## Build Hot 100 archive

Idea of this notebook is to build an archive of the Hot 100 from the the current date to the oldest date __1958-08-02__.

However, there is a rate limit on requests to the billboard site. I've had it time out after 10 requests, but I've also had it time out after one if I've run other requests recently. 

For each chart, we have `chart.previousDate` to work with, which allows us to walk back in time. The loop works like this:

- Open our file
- check for the oldest date
- Find the next oldest chart
- Start a loop and counter and write the results of that week's chart
- Set the chart date to the next oldest date
- Wait a time interval
- Check the loop and go again or stop

This doesn't completely solve the rate limit, but does pretty well at 10 seconds a week.


In [1]:
import billboard
from datetime import datetime, timedelta, date
import os
import pandas as pd
import time

## Settings

In [12]:
outfilename = '../data/hot-100-new.csv'
chart_type = 'hot-100'
headers = 'date,title,artist,current,previous,peak,weeks\n'

## Create the file

In [3]:
file_exists = os.path.exists(outfilename)

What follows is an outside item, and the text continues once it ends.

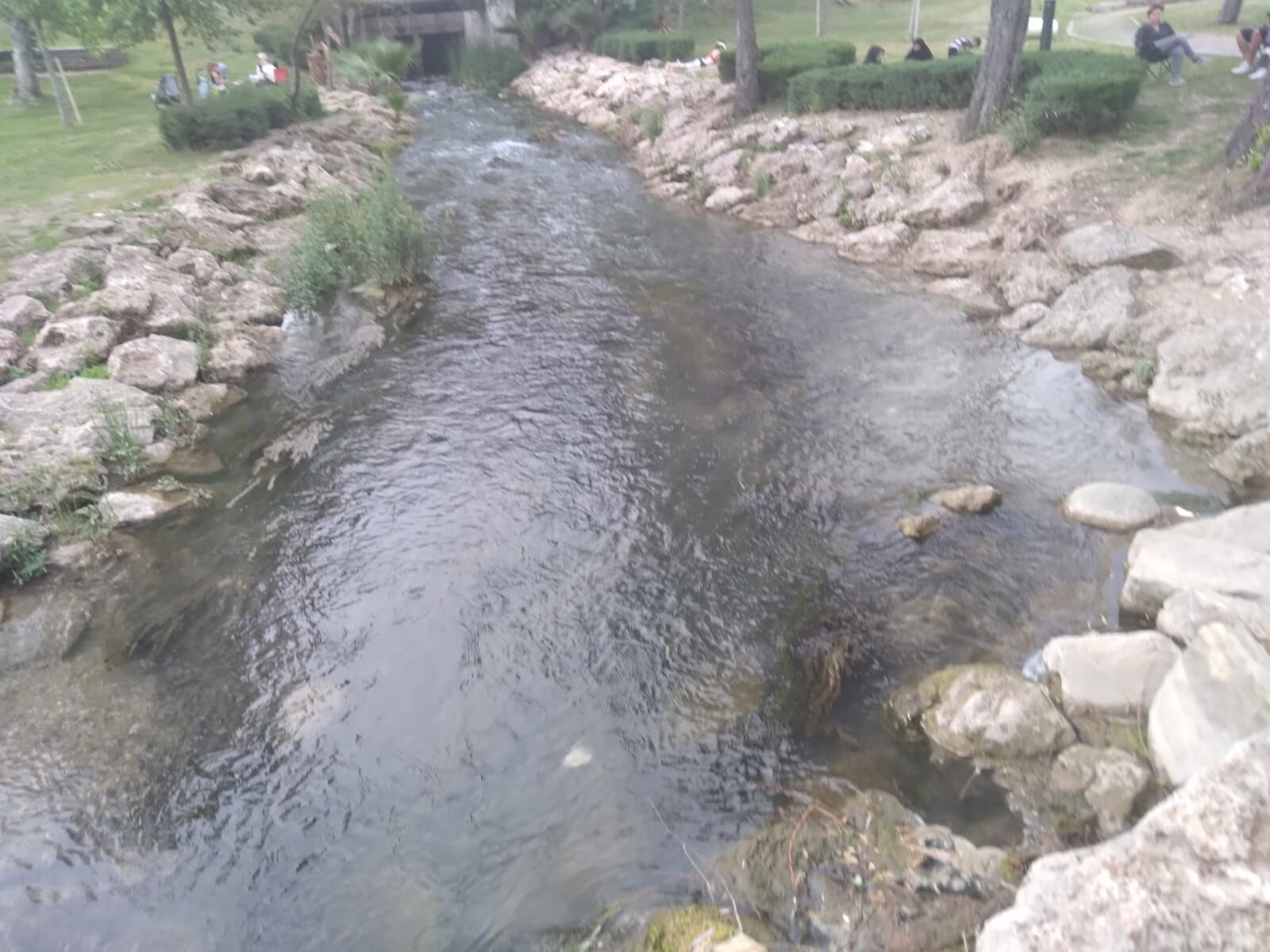 Dbb9Bdde 37Eb 4Fb7 B499 13A68141C09A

# checks if file exists and writes if not
if file_exists != True:
    with open(outfilename, 'a') as outputfile:
        outputfile.write(headers)
        print("File created with header")
# checks if file empty and writes header if not
else:
    file_empty = os.stat(outfilename).st_size == 0
    if file_empty:
        with open(outfilename, 'a') as outputfile:
            outputfile.write(headers)
            print("Added header")
    else:
        print("File has data")

File has data


## Chart loop

This is currently set to grab one year at a time. There is a pause of 10 seconds after each request to avoid a rate limit on scraping. To change the number of weeks grabbed in the loop, update the `counter` variable.

In [13]:
# read in file
top_100 = pd.read_csv(outfilename)

# set the counter
counter = 5

# set the time intervval
timer_interval = 5

# find most oldest week in output
oldest_date = top_100.date.min()
print(oldest_date)

# set up write
chart_date = oldest_date
chart = billboard.ChartData(chart_type, date=chart_date)
chart = billboard.ChartData(chart_type, str(chart.previousDate))

with open(outfilename, 'a') as outputfile:
    start_time = time.time()
    for i in range (1,counter+1):
        for position in range (0,100):
            song = chart[position]
            line_out = str(chart.date) + ',' + '"' + song.title + '"' + ',' + '"' \
            + song.artist + '"' + ','  + str(song.rank) + ',' + str(song.lastPos) \
            + ',' + str(song.peakPos) + ',' + str(song.weeks) + '\n'
            with open(outfilename, 'a') as outputfile:
                outputfile.write(line_out)
        print(chart.date + ": " + str(chart[0]))
        chart = billboard.ChartData(chart_type, str(chart.previousDate))
        time.sleep(timer_interval)
    print('done')
outputfile.close()

2019-04-06
2019-03-30: '7 Rings' by Ariana Grande
2019-03-23: '7 Rings' by Ariana Grande
2019-03-16: 'Sucker' by Jonas Brothers
2019-03-09: 'Shallow' by Lady Gaga & Bradley Cooper
2019-03-02: '7 Rings' by Ariana Grande
done


## Some testing

This checks the bottom of the file to make sure there are 100 entries for each week.

In [None]:
chart_peek = pd.read_csv(outfilename)

grouped = chart_peek.groupby(['date']).count().sort_values('date', ascending=False)

grouped.tail(10)